Restate each of the lines below word for word and drop every picture.

▶ [STORED DATA]:
⟨
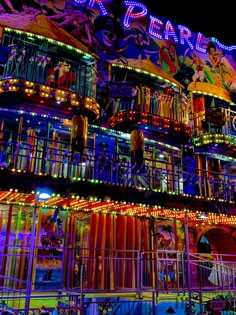 an illuminated building with lots of lights on it's sides and balconies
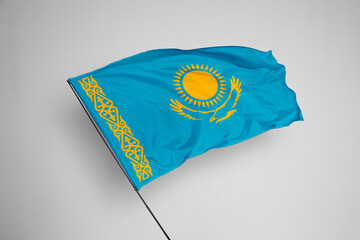 Kazakhstan flag isolated on white background. close up waving flag of Kazakhstan. flag symbols of...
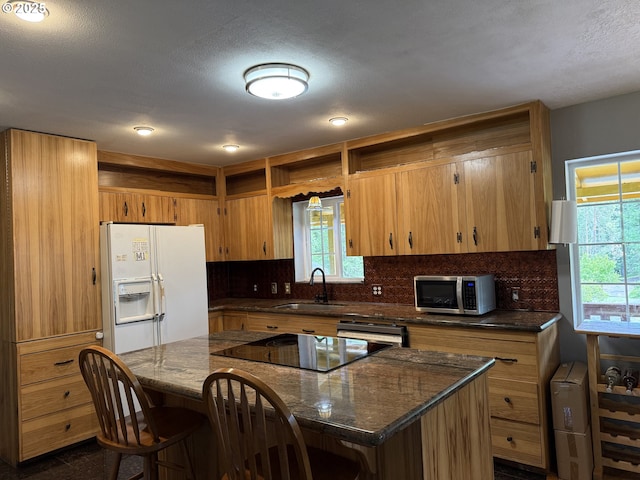 31431 Fairview Rd, Rainier, OR 97048 - kitchen with white refrigerator with ice dispenser, a sink, stainless steel microwave, backsplash, and open shelves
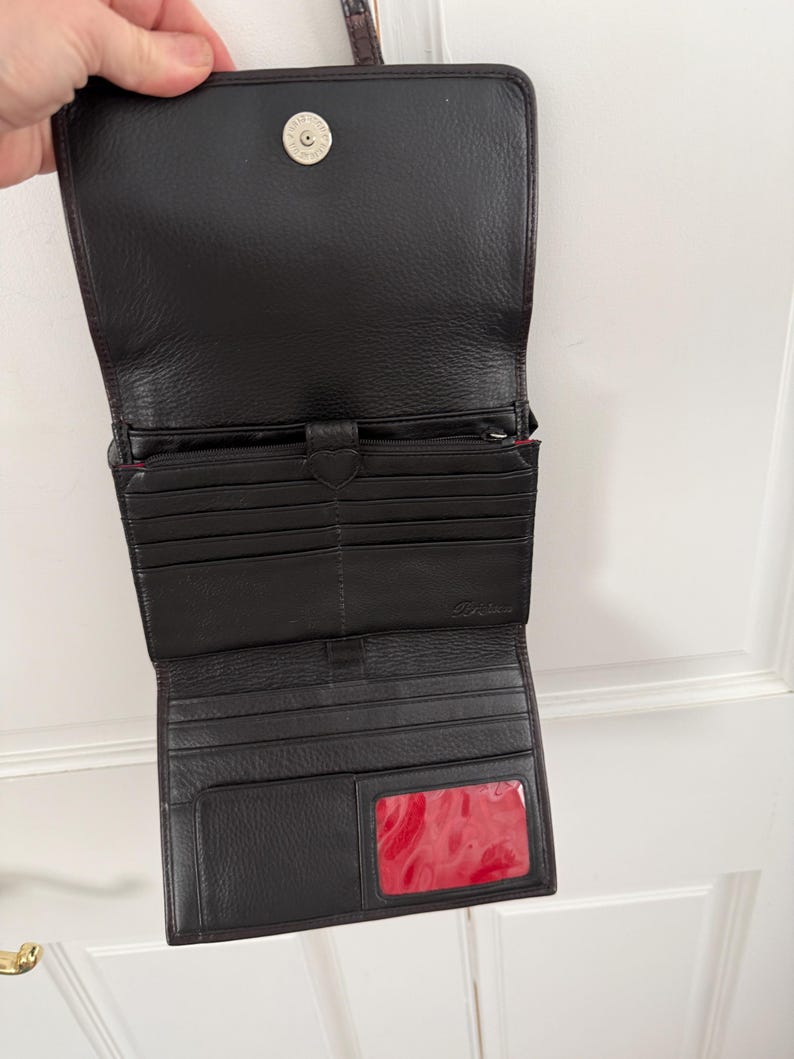 May include: Open black leather wallet with multiple card slots, a zippered compartment, and a clear ID window with a red interior. The wallet has a magnetic snap closure and a small metal accent.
⟩
▶ [TASK ANSWER]:
 an illuminated building with lots of lights on it's sides and balconies
 Kazakhstan flag isolated on white background. close up waving flag of Kazakhstan. flag symbols of...
 31431 Fairview Rd, Rainier, OR 97048 - kitchen with white refrigerator with ice dispenser, a sink, stainless steel microwave, backsplash, and open shelves
 May include: Open black leather wallet with multiple card slots, a zippered compartment, and a clear ID window with a red interior. The wallet has a magnetic snap closure and a small metal accent.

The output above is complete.